Makassar, TARGETTUNTAS.ID – Kejaksaan Tinggi Sulawesi Selatan (Kejati Sulsel) menggelar seminar ilmiah dalam rangka peringatan Hari Lahir Kejaksaan RI ke-80, Selasa, 26 Agustus 2025. Acara yang berlangsung di Baruga Adhyaksa Kejati Sulsel itu mengusung tema “Optimalisasi Pendekatan Follow the Asset dan Follow the Money Melalui Deferred Prosecution Agreement (DPA) dalam Penanganan Perkara Pidana”.
Hadir sebagai narasumber Ketua Pengadilan Tinggi Makassar, Dr. H. Zainuddin, S.H., M.Hum., serta Guru Besar Hukum Pidana Universitas Hasanuddin, Prof. Dr. M. Syukri Akub, S.H., M.H. Diskusi dipandu oleh Fajlurrahman Jurdi, S.H., M.H., Ketua Pusat Kajian Kejaksaan Fakultas Hukum Unhas.
DPA sebagai Nawasena Penegakan Hukum
Kepala Kejati Sulsel, Agus Salim, dalam pidato utamanya mengangkat topik “Deferred Prosecution Agreement (DPA): Nawasena Penegakan Hukum Pidana Nasional”. Kata Nawasena, yang berarti “masa depan cerah” dalam bahasa Sanskerta, dipakai untuk menggambarkan optimisme terhadap pembaruan hukum pidana di Indonesia.
“DPA adalah wewenang jaksa untuk menunda penuntutan suatu perkara jika syarat tertentu terpenuhi. Konsep ini telah diterapkan di negara-negara common law untuk memulihkan kerugian negara akibat kejahatan korporasi,” ujar Agus Salim.

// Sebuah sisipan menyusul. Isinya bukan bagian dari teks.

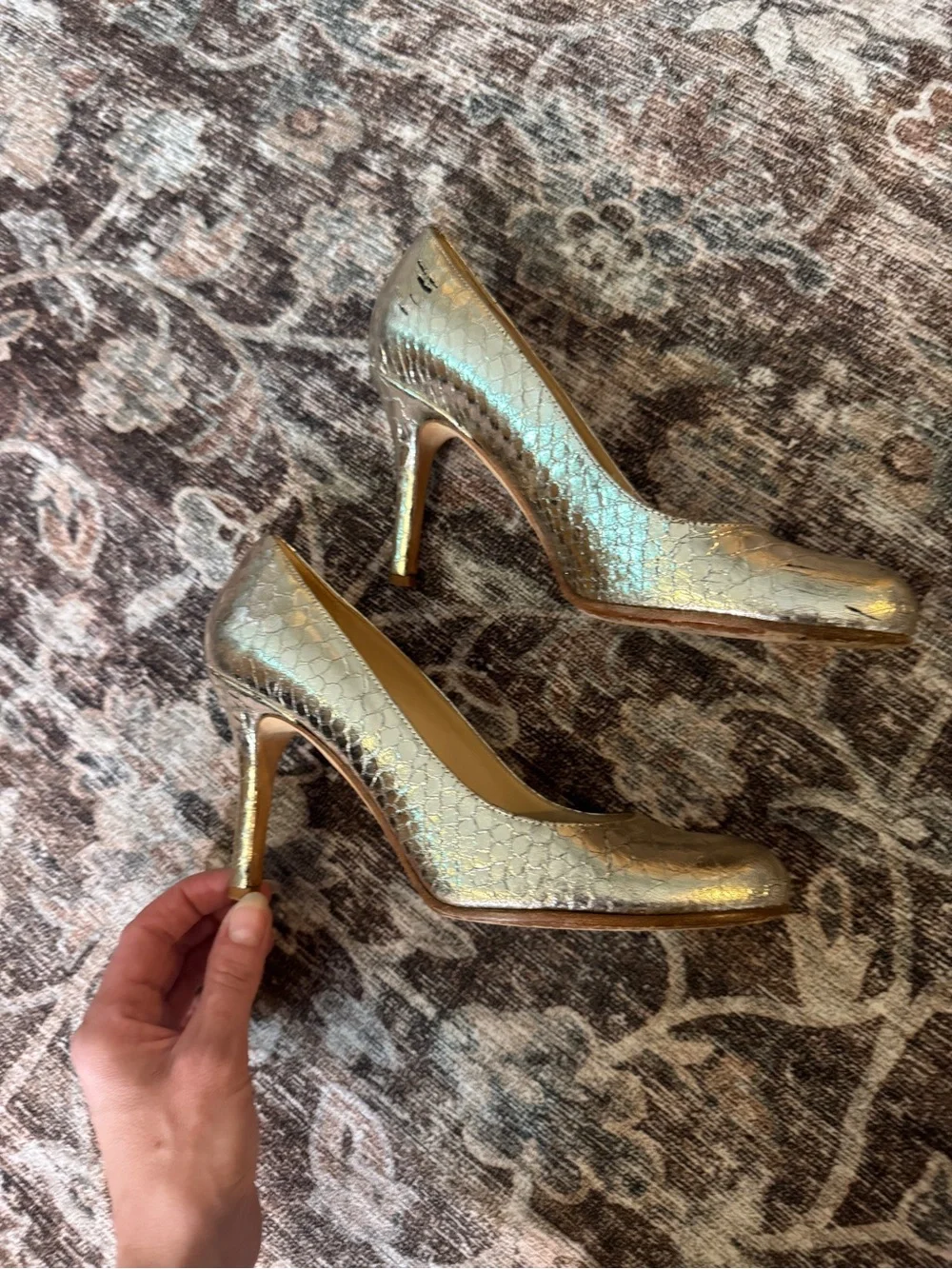 Kate Spade Gold Silver Textured Round Toe Pump - Women's Dress Heel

Menurutnya, DPA sejalan dengan asas proporsionalitas yang mengedepankan keseimbangan antara penghukuman, pemulihan kerugian, serta kepentingan negara, korban, pelaku, dan masyarakat. “Pengaturan DPA adalah momen penting dalam reformasi peradilan pidana Indonesia. Tujuannya menguatkan hukum, bukan melemahkan,” tambahnya.
Dukungan Mahkamah Agung
Ketua Pengadilan Tinggi Makassar, Zainuddin, menegaskan bahwa meski Indonesia menganut sistem civil law, penerapan DPA dimungkinkan. Menurutnya, tujuan utama DPA adalah mempercepat pemulihan keuangan negara, terutama pada kasus korupsi, pencucian uang, dan suap.

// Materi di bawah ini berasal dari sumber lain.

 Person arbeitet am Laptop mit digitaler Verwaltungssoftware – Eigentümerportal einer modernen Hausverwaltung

“Mahkamah Agung mendukung penerapan DPA. Melalui SEMA dan PERMA, MA berupaya menciptakan peradilan yang cepat, sederhana, berbiaya ringan, dan meningkatkan penerimaan negara lewat perampasan aset,” kata Zainuddin.
Solusi Kekosongan Hukum
Sementara itu, Prof. Syukri Akub menilai DPA bisa menjadi solusi atas kekosongan hukum acara pidana di Indonesia, yang belum mengatur mekanisme penangguhan penuntutan.
“DPA menjadi instrumen hukum acara dengan syarat-syarat tertentu, sesuai prinsip Dominus Litis yang menempatkan jaksa sebagai pemilik perkara,” jelasnya.
Prof. Syukri menjabarkan bahwa penerapan DPA terdiri atas dua tahap, yakni Evidential Stage untuk menilai kecukupan bukti, serta Public Interest Stage untuk menimbang apakah kepentingan publik lebih baik melalui DPA dibanding penuntutan pidana.
Meski menawarkan efisiensi dan pemulihan kerugian, Syukri mengingatkan adanya tantangan, seperti risiko dianggap sebagai “corporate impunity” serta sulitnya pelacakan aset lintas negara. Untuk itu, ia menyarankan Kejaksaan diberi kewenangan penuh, disertai pengawasan tim independen demi menjaga akuntabilitas.
“Contoh di Inggris, seperti kasus Standard Bank, Rolls-Royce, hingga Airbus, menunjukkan DPA mampu menangani korupsi global yang kompleks tanpa mematikan perusahaan. Itu bisa jadi referensi bagi Indonesia,” pungkasnya.